● Try it
Where in the data below does the word "White" appear? Copy each line that holds it.

● Dataset records
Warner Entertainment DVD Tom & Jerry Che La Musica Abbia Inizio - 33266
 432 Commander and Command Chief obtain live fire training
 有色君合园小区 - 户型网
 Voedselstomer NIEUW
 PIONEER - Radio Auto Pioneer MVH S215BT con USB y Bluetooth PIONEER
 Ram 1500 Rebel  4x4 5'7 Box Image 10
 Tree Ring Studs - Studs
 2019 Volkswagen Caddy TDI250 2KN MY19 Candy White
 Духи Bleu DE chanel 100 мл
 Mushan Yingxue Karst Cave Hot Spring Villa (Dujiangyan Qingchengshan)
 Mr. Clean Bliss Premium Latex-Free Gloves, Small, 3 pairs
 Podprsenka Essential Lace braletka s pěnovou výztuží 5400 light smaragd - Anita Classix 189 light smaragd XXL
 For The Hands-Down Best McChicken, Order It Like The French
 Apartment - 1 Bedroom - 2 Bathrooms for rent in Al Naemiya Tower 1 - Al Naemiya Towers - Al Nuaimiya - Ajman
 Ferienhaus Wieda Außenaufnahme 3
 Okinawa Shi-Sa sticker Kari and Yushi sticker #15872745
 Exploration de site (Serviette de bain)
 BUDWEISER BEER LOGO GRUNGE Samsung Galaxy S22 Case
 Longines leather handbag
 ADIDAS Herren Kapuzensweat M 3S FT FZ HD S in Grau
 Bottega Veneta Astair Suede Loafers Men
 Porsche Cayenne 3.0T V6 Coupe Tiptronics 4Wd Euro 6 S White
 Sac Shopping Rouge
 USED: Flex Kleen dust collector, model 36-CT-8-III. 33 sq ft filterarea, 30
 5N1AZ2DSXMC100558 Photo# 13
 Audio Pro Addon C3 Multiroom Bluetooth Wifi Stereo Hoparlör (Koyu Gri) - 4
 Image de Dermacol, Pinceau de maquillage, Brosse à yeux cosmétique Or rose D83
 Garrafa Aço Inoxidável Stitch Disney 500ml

● Response below
 2019 Volkswagen Caddy TDI250 2KN MY19 Candy White
 Porsche Cayenne 3.0T V6 Coupe Tiptronics 4Wd Euro 6 S White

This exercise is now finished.